On Tuesday afternoon, Rodgers spoke to approximately 30 members of the Yale community in Sterling Memorial Library as part of the International Security Studies’ Distinguished Speaker Series. An influential historian and author of the book “Age of Fracture,” Rodgers explained the emergence of a powerful free market in which rationality was championed and also commented on how the new intellectual “age of fracture” has influenced the language of politicians and even interpersonal relationships.
Technology has played a key role in creating this fragmented social reality, Rodgers said.
“We’re wired into our smartphones … We can shop at home, get ourselves educated at home,” he said. “Public schools will be unnecessary. If we need a peer group for our children, we can create one over the web … We don’t need society. We can each go on our choosing way — with technology.”
Since the late twentieth century, America’s sense of solidarity has been pushed aside, Rodgers said. While the feminist movement initially entered the spotlight with its constituents united by a “we shall not be moved, we shall overcome” mindset, for example, Rodgers said the movement fell short of its goals because of internal differences between women. Politically and morally conservative women, liberal women and women of different races and religions were all jostling for the microphone, he said.
Rodgers said recently, there have been two “big bangs”: the events of Sept. 11, 2001 — after which America experienced a wave of patriotism — and the economic crisis of 2008. For a moment, Rodgers said it seemed as though American solidarity had been restored. In the realm of language, presidential speechwriters began using the word “we” once more, Rodgers added, citing Michael Gerson, chief speechwriter for former President George W. Bush, as an example.
“Language wrote itself into politics, with a new emphasis on the small, personal and fragmentary,” he said.
According to Rodgers, one of the greatest inventions of mankind is the market, which he called a “magical realm” where desires collide with external circumstances.
Rationality became the denominator of economic decisions and transactions, which theoretically should add up to a world with minimal inefficiency, he said.
“But rationality isn’t so rational in the context of life,” said Rodgers, adding that this is one of the ironies of the “Age of Fracture.”

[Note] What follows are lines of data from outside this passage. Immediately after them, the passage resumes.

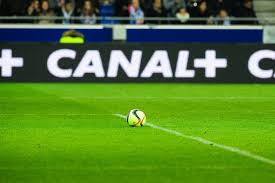 Programme tv matchs foot ce soir/aujourd'hui en direct sur chaines télé fr ⬛ programme tv foot footao.tv. Ligue 1 Une Offre De 740 Millions D Euros De Canal Pour Reprendre Les Droits Tv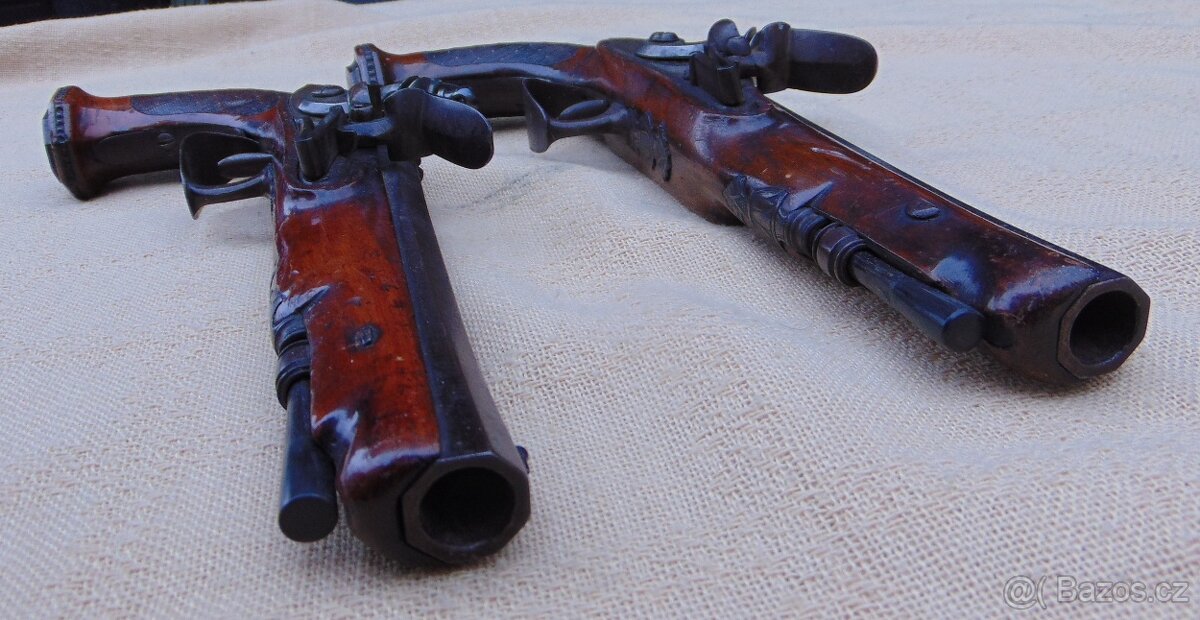 Párové křesadlové pistole - 7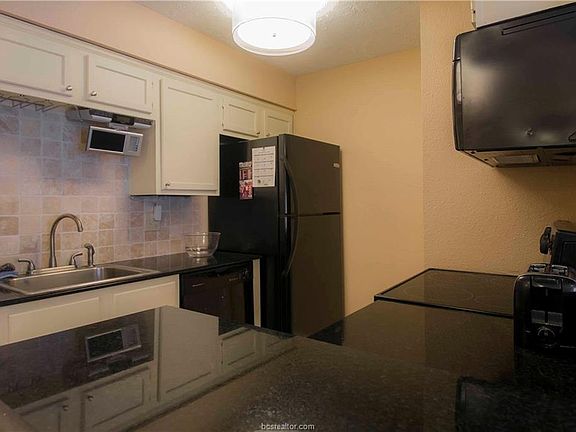 2nd image of 904 University Oaks Blvd APT 75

Rodgers concluded his talk by commenting on the role teachers play in working against the fragmentary nature of society. Teachers can construct the way education is received, he said. Though Rodgers said a college education is currently a race to answer questions correctly and build a resume for the job market, he said relationships should be forged in the classroom in the same way that they are in Glee Club or lacrosse practice.
Most of the audience members had read Rodger’s book, and many were professors or graduate students in the International Security Studies program.
The Director of the International Security Studies program, Adam Tooze, said he thought the talk gave a compelling summary of Rodgers’ book.
“Professor Rodgers has been absolutely central to cultural and intellectual history for the past several decades,” said history professor Jenifer Van Vleck. “This book in particular really shows how the tools of historical analysis can illuminate not only the past but also our present.”
Tommy Sheppard GRD ’14 and Kate Geoghegan GRD ’14, students in the International Security Studies program, said they agreed with Rodgers that the language of individualism has become more prominent in recent years.
“Age of Fracture” was published in 2011.